Focusing Holistically

Under traditional biologics, approximately 35% of the manufacturing process is outsourced, whereas cell and gene therapies outsource 65% or more of their manufacturing processes. Life sciences companies are building hub and spoke models to establish a manufacturing footprint. Manufacturers have deployed strategies closer to the patient with Day 0 cell processing and drug substance processing for final formulation of gene therapies. Maintaining centralized cell and tissue manufacturing closer to the markets where highly specialized CGT manufacturing capabilities already exist provides certain advantages.

However, organizations are either unable to scale or lack agility across the manufacturing network. Manufacturers engage with each partner as a standalone entity, restricting their view of the entire manufacturing network as one complete system. Data integration between the internal network and contract manufacturing organizations is primarily manual, with limited or no automation for data transfer. Under this model, there is no end-to-end visibility to enable effective production planning or decision-making for optimal production opportunities to leverage capacity across the network.

With more than 200 parameters on process characterization (continuous process verification, investigation, regulatory, process data), establishing a standardized site level infrastructure and equipment deployment and automated data integration infrastructure will facilitate manufacturers’ ability to respond rapidly to production changes and needs across the network. The consistency of operations will reduce operator and site variability, improving network flexibility and response time in case of failures.

Because manufacturing engineers and researchers will spend less time manually collecting, transcribing and verifying data, such an infrastructure will lead to improved productivity and provide a foundation for deeper scientific investigation and data sharing.

Beyond Manufacturing Improvements

With escalating demand for CGT, farsighted improvements within manufacturing are imperative. However, it is not enough to improve the efficiency of the manufacturing process alone. Instead, life science organizations need to take both a more local approach with the goal of improving processes at individual manufacturing sites and a more holistic view aimed at better coordinating the different production steps within the network.

Ultimately, the key challenge is neither simply technological nor organizational. It is committing to — and investing in — a rapidly developing field by taking a fresh path. 

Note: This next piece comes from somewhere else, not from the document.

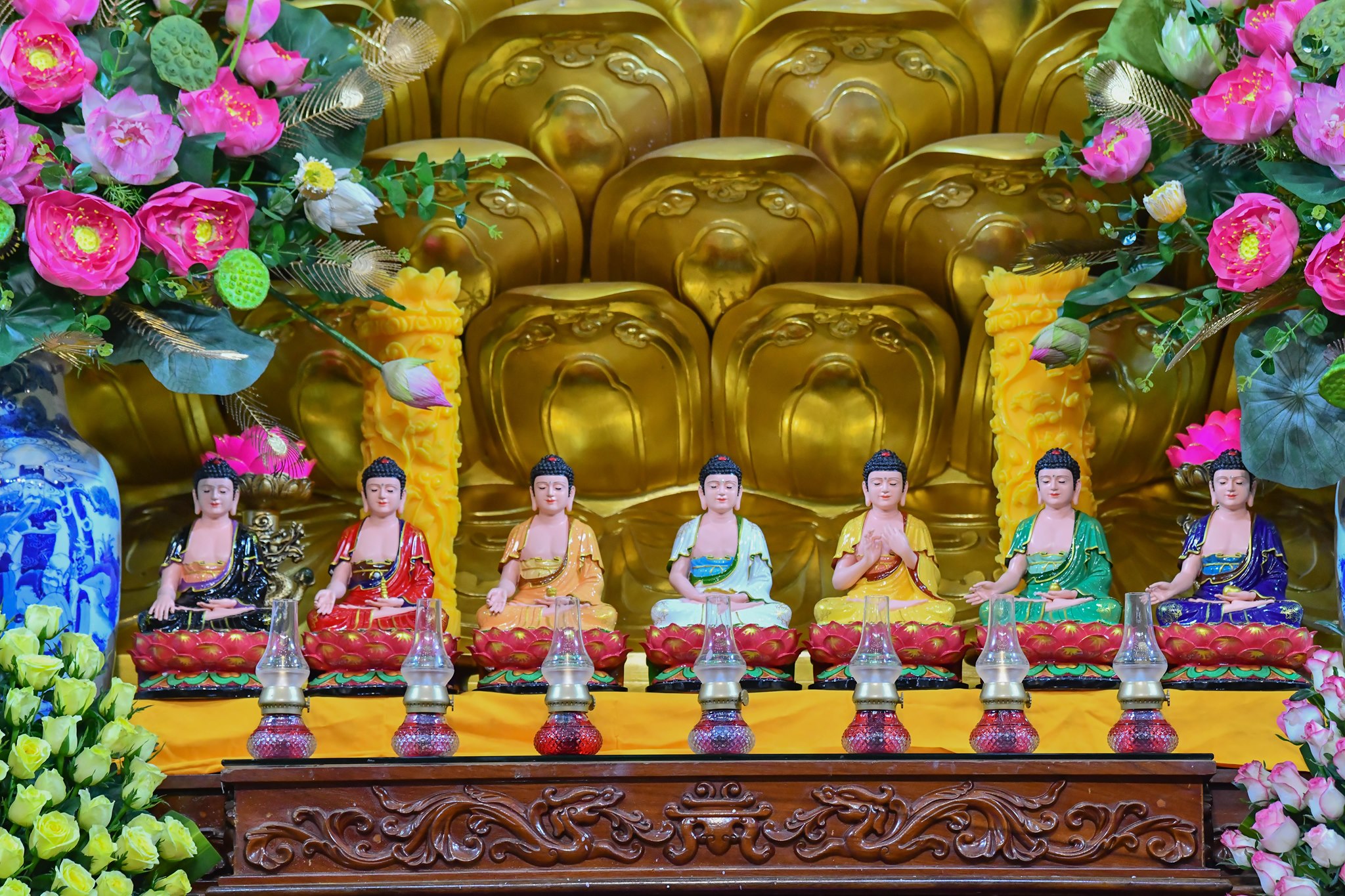Chùa Giác Ngộ làm lễ cầu nguyện đại dịch COVID-19 tiêu trừ và tưởng niệm các anh hùng thương binh, liệt sỹ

To manage the uncertainty around CGT manufacturing, improving processes means building in flexibility with optionality and experimentation around a modular but stable backbone. Taking this approach to balance risk and innovation will ultimately result in decreasing manufacturing costs while ensuring quality, making this technology scalable and more accessible.

Increasingly, CGT is proving to be a field worth investing in; this is the promising future of therapeutics.

The authors would like to acknowledge Praveen Govindrajan, who provided useful insights for this article.